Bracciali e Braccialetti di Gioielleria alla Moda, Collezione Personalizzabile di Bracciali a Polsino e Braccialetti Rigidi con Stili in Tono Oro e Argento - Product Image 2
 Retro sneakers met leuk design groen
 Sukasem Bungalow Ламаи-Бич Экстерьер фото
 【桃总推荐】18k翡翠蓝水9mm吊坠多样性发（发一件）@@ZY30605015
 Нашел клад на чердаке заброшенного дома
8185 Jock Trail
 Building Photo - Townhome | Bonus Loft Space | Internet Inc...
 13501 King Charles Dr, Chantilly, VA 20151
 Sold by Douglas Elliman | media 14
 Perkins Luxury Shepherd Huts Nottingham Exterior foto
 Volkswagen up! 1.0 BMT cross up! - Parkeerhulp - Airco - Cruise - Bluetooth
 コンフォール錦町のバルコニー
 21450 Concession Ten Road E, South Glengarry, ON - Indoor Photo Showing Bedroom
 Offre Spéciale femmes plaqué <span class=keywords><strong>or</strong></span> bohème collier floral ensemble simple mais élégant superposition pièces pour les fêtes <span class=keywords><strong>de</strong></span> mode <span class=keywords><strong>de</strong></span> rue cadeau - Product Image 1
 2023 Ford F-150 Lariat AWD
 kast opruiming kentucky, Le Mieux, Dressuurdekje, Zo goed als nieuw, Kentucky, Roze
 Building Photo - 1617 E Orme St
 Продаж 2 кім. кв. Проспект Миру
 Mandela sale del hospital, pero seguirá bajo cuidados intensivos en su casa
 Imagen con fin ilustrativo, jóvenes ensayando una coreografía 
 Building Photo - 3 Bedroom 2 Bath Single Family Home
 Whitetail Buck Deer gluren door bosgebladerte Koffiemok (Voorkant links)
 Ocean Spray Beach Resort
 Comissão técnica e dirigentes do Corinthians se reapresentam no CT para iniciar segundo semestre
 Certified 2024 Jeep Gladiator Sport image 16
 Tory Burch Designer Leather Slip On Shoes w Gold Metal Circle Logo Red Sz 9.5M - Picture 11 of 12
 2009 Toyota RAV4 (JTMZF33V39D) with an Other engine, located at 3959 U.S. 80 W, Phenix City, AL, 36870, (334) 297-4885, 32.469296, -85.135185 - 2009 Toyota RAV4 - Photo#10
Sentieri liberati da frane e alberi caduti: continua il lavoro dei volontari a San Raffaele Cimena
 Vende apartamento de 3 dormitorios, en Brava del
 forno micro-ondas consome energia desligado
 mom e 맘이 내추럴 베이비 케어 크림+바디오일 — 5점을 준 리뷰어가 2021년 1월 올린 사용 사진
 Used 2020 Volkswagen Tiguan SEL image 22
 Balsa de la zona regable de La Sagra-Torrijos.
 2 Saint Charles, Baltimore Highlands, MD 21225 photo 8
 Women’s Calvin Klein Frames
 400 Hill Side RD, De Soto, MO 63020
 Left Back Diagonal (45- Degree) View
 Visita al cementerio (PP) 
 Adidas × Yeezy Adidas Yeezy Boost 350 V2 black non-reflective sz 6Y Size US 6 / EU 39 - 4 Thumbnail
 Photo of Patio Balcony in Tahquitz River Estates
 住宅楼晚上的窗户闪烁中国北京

++++++

WHAT YOU WILL DO: Write out the material again, matching every line.

EXERCISE RESULT:
Bracciali e Braccialetti di Gioielleria alla Moda, Collezione Personalizzabile di Bracciali a Polsino e Braccialetti Rigidi con Stili in Tono Oro e Argento - Product Image 2
 Retro sneakers met leuk design groen
 Sukasem Bungalow Ламаи-Бич Экстерьер фото
 【桃总推荐】18k翡翠蓝水9mm吊坠多样性发（发一件）@@ZY30605015
 Нашел клад на чердаке заброшенного дома
8185 Jock Trail
 Building Photo - Townhome | Bonus Loft Space | Internet Inc...
 13501 King Charles Dr, Chantilly, VA 20151
 Sold by Douglas Elliman | media 14
 Perkins Luxury Shepherd Huts Nottingham Exterior foto
 Volkswagen up! 1.0 BMT cross up! - Parkeerhulp - Airco - Cruise - Bluetooth
 コンフォール錦町のバルコニー
 21450 Concession Ten Road E, South Glengarry, ON - Indoor Photo Showing Bedroom
 Offre Spéciale femmes plaqué <span class=keywords><strong>or</strong></span> bohème collier floral ensemble simple mais élégant superposition pièces pour les fêtes <span class=keywords><strong>de</strong></span> mode <span class=keywords><strong>de</strong></span> rue cadeau - Product Image 1
 2023 Ford F-150 Lariat AWD
 kast opruiming kentucky, Le Mieux, Dressuurdekje, Zo goed als nieuw, Kentucky, Roze
 Building Photo - 1617 E Orme St
 Продаж 2 кім. кв. Проспект Миру
 Mandela sale del hospital, pero seguirá bajo cuidados intensivos en su casa
 Imagen con fin ilustrativo, jóvenes ensayando una coreografía 
 Building Photo - 3 Bedroom 2 Bath Single Family Home
 Whitetail Buck Deer gluren door bosgebladerte Koffiemok (Voorkant links)
 Ocean Spray Beach Resort
 Comissão técnica e dirigentes do Corinthians se reapresentam no CT para iniciar segundo semestre
 Certified 2024 Jeep Gladiator Sport image 16
 Tory Burch Designer Leather Slip On Shoes w Gold Metal Circle Logo Red Sz 9.5M - Picture 11 of 12
 2009 Toyota RAV4 (JTMZF33V39D) with an Other engine, located at 3959 U.S. 80 W, Phenix City, AL, 36870, (334) 297-4885, 32.469296, -85.135185 - 2009 Toyota RAV4 - Photo#10
Sentieri liberati da frane e alberi caduti: continua il lavoro dei volontari a San Raffaele Cimena
 Vende apartamento de 3 dormitorios, en Brava del
 forno micro-ondas consome energia desligado
 mom e 맘이 내추럴 베이비 케어 크림+바디오일 — 5점을 준 리뷰어가 2021년 1월 올린 사용 사진
 Used 2020 Volkswagen Tiguan SEL image 22
 Balsa de la zona regable de La Sagra-Torrijos.
 2 Saint Charles, Baltimore Highlands, MD 21225 photo 8
 Women’s Calvin Klein Frames
 400 Hill Side RD, De Soto, MO 63020
 Left Back Diagonal (45- Degree) View
 Visita al cementerio (PP) 
 Adidas × Yeezy Adidas Yeezy Boost 350 V2 black non-reflective sz 6Y Size US 6 / EU 39 - 4 Thumbnail
 Photo of Patio Balcony in Tahquitz River Estates
 住宅楼晚上的窗户闪烁中国北京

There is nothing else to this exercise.